Pictures in the listing below are skipped, while the lines from the "Boné Explore uma" line through the "शुक्रवार को चमोली" line are returned word for word.
Material provided below:
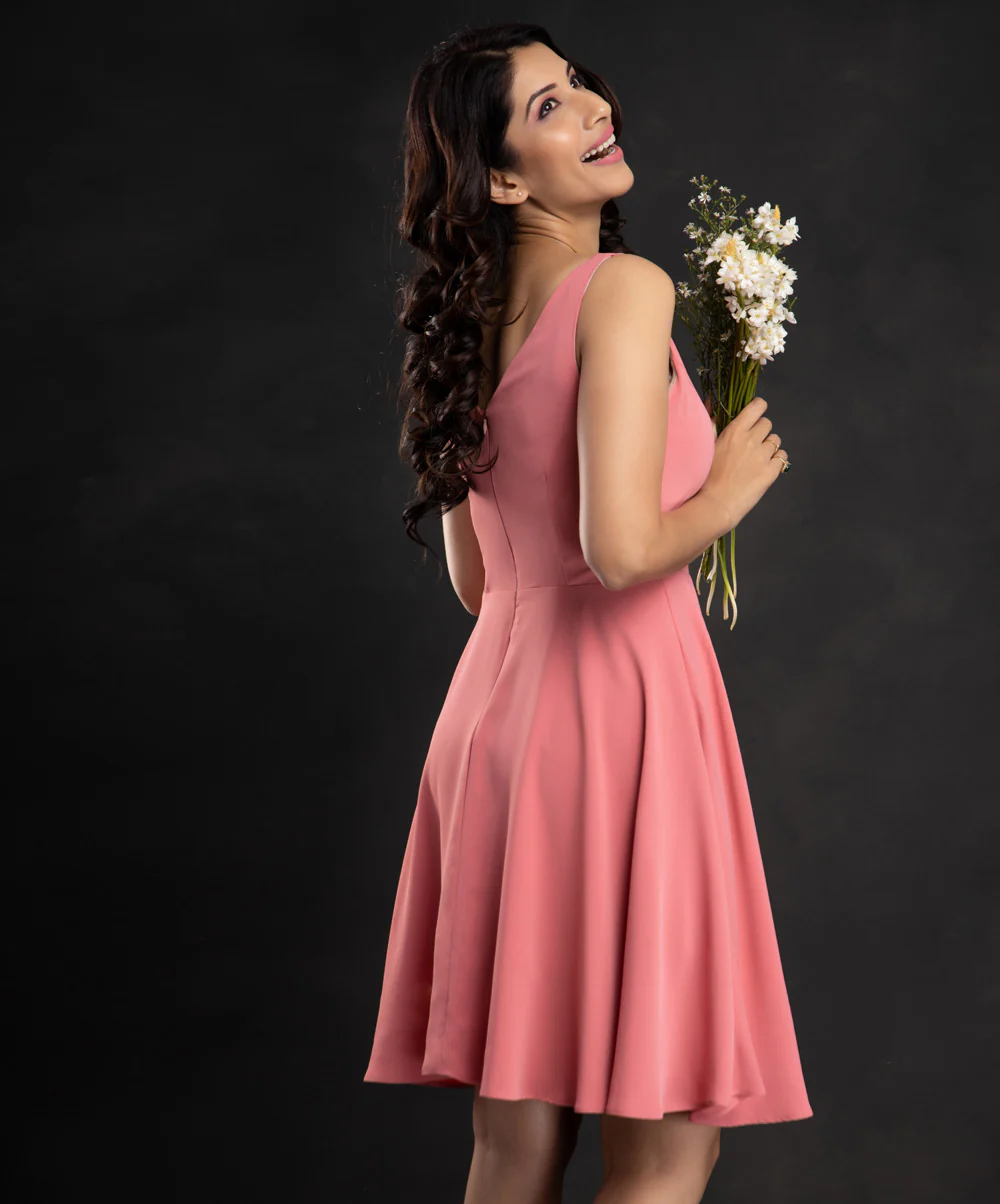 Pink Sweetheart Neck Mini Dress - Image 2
End of Material provided.
Material provided below:
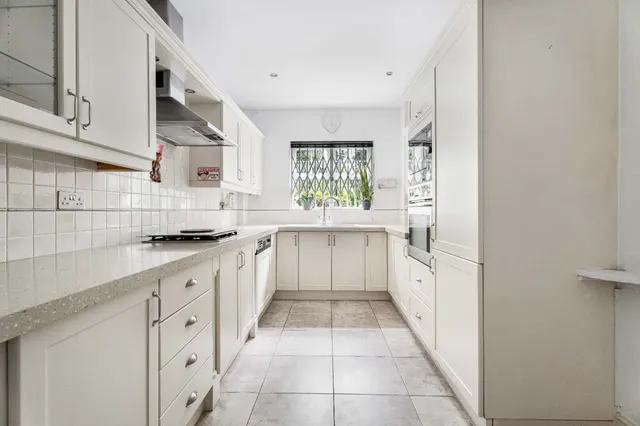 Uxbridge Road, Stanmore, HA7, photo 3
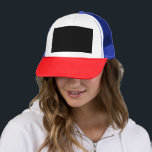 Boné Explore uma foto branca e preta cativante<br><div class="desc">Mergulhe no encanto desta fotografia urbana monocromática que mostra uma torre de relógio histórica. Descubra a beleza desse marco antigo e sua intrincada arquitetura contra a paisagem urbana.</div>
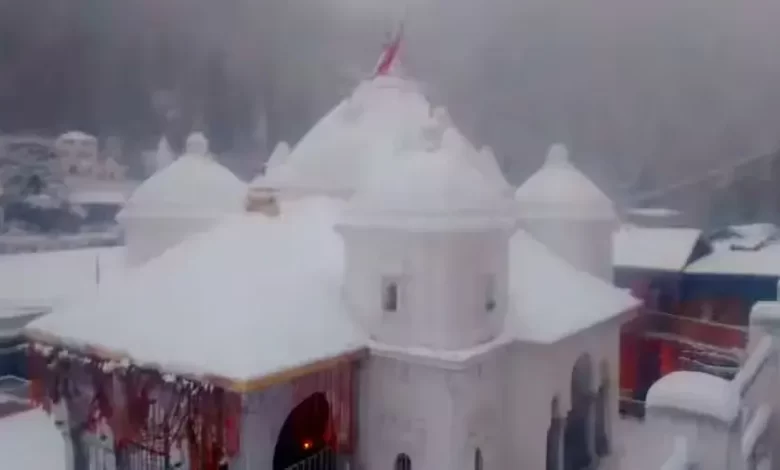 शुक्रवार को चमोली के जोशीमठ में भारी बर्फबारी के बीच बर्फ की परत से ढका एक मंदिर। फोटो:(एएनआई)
End of Material provided.
▶ **Solution to this problem**:
 Boné Explore uma foto branca e preta cativante<br><div class="desc">Mergulhe no encanto desta fotografia urbana monocromática que mostra uma torre de relógio histórica. Descubra a beleza desse marco antigo e sua intrincada arquitetura contra a paisagem urbana.</div>
 शुक्रवार को चमोली के जोशीमठ में भारी बर्फबारी के बीच बर्फ की परत से ढका एक मंदिर। फोटो:(एएनआई)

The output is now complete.